As many previous blog articles have discussed, many clients contact our office to discuss their concerns regarding nursing home poverty and preserving their assets for their children from nursing home expenses. However, in far too many cases, parents will transfer their assets to their children and out of their name in order to preserve their Medicaid eligibility in the years prior to going into a nursing home. However, there are a number of reasons why you should not simply transfer assets out of your name and to your children simply to maintain your Medicaid eligibility.

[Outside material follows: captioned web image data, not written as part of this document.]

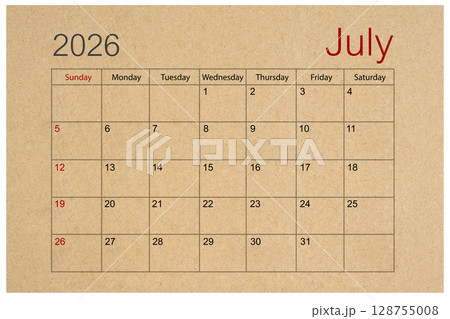 Brown paper calendar for July 2026 isolated on white background, Save clipping path. 128755008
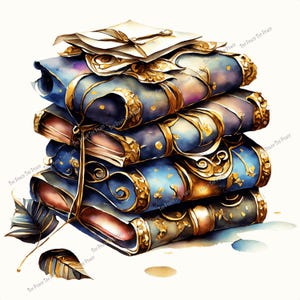 May include: A stack of four ornate books with blue covers and gold accents. The books have intricate gold designs and are tied with a gold ribbon. A stack of white papers sits on top, with a few decorative leaves at the bottom.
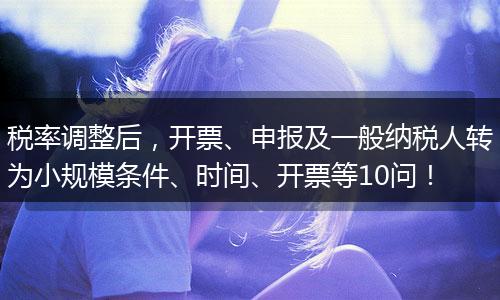 税率调整后，开票、申报及一般纳税人转为小规模条件、时间、开票等10问！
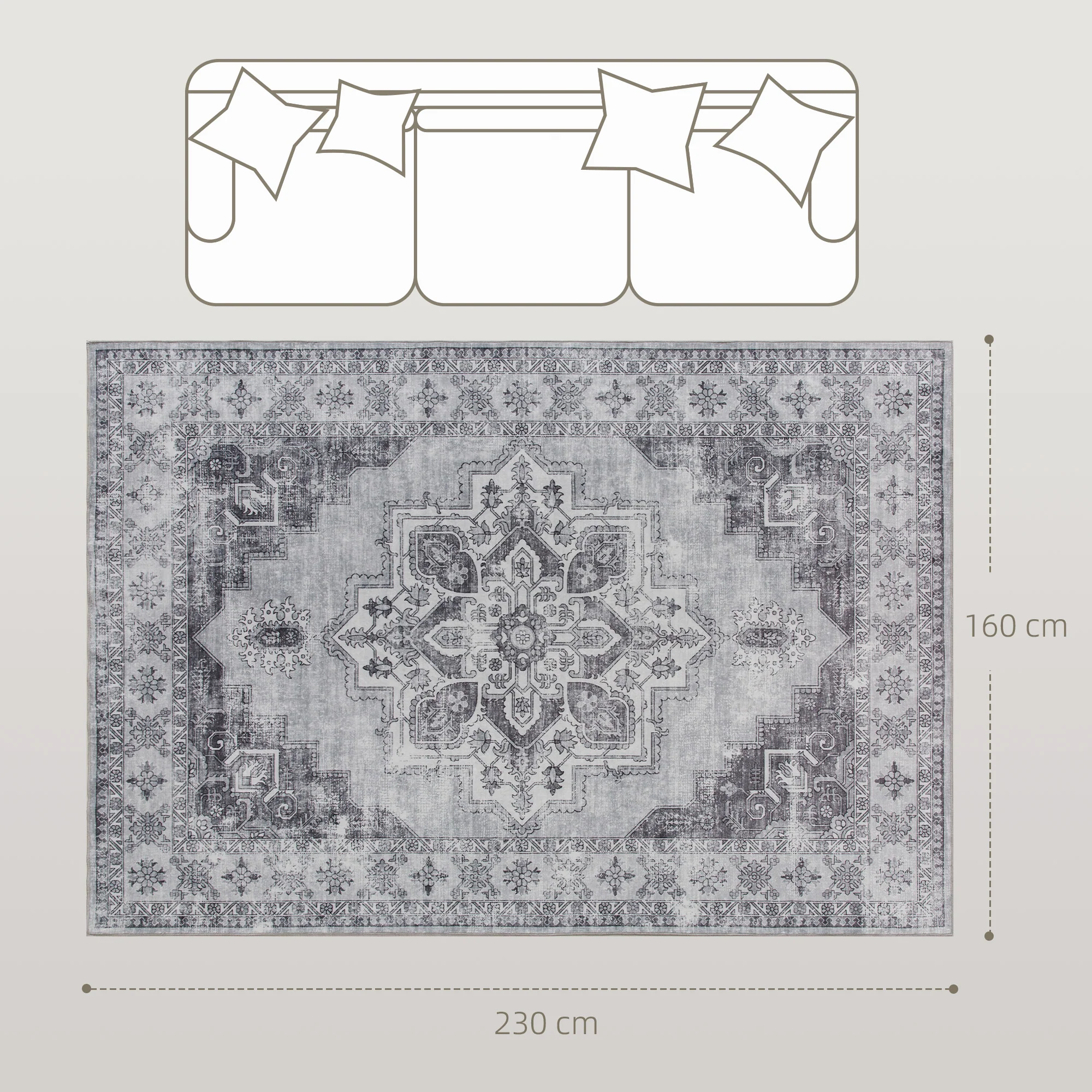 HOMCOM Flannel Non-Slip Washable Rug for Living Room, - Image 12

First, Medicaid has a five-year look back period. What this means is that if you transfer assets out of your name specifically for nursing home purposes in order to preserve your Medicaid eligibility within the five year period prior to entering into a nursing home, then the assets that you transferred will still be countable assets toward determining your Medicaid eligibility. Therefore, if you simply transfer your assets out of your name, it is not going to do any good, as those assets will still be countable toward your Medicaid eligibility.
Second, transferring assets out of your name and to your children can have immediate tax implications and obligations for your children. For example, if you leave an asset to your children at death, the asset has what is called a step-up in tax basis. What this means is that your child’s tax basis for determining tax obligations and liability is the tax basis at the moment of death. What I mean by this is that let’s say you inherit an investment worth $200,000 on the date of death. This means that you own a $200,000 asset for tax purposes, and if you immediately turn around and sell that asset for $200,000, then you would owe no capital gains tax on that $200,000 acquisition. However, if you instead were gifted the same $200,000 asset from a parent, but this asset was only valued at $25,000 when it was acquired, then the child that you gifted the asset to would have to pay capital gains tax on the $175,000 gain that was realized. The reason for this is because when you gift an asset away during your lifetime, it has a carry over tax basis. But when an asset is passed to a loved one at your death, it has a step-up in tax basis.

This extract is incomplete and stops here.